José Berrondo

Personal information
- Full name: José Berrondo Silva
- Date of birth: 26 October 1890
- Place of birth: Bilbao, Biscay, Spain
- Date of death: 21 August 1936 (aged 45)
- Place of death: Canet d'en Berenguer, Valencian Community, Spain
- Position: Defender

Senior career*
- Years: Team / Apps / (Gls)
- 1911–1912: Hispania FC
- 1912–1913: FC Barcelona
- 1913–1914: Espanyol
- Sarrià SC
- 1919–1923: Valencia CF
- 1924–1925: Sporting de Sagunto

= José Berrondo =

Spanish footballer (1890–1936)

José Berrondo Silva (26 October 1890 – 21 August 1936) was a Spanish footballer who played as a defender for FC Barcelona and Espanyol.
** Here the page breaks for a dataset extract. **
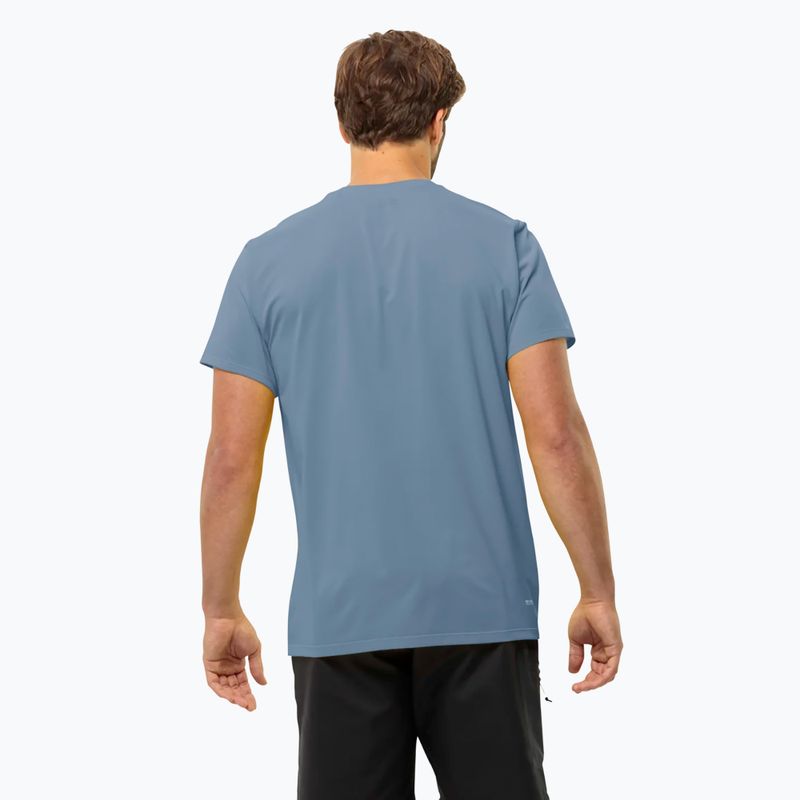 férfi trekking póló  Jack Wolfskin Prelight Trail elemental blue 2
He was also a referee and a Basque pelota player.

==Biography==
José Berrondo was born in Bilbao, but it was in Valencian Community where he began to play football, joining his hometown club Hispania FC during the 1911–12 season, before signing for FC Barcelona in the following season. In his only season at Barcelona (1912–13), Berrondo won the Copa del Rey and the Pyrenees Cup. Barça needed three games to beat Real Sociedad in the Copa del Rey final, and he only featured in the second game as a substitute to the injured José Irízar, helping his side keep a clean-sheet in a goalless draw. He also played in the Pyrenees Cup final, this time as a starter, netting an own goal in a 7–2 victory over Cométe et Simot.

Berrondo then moved to Espanyol and ended his career at the end of the 1913–14 season. He immediately began refereeing matches, and although he played briefly for Sarrià SC during this period, he also became a Basque ball player, a sport in which he also succeeded.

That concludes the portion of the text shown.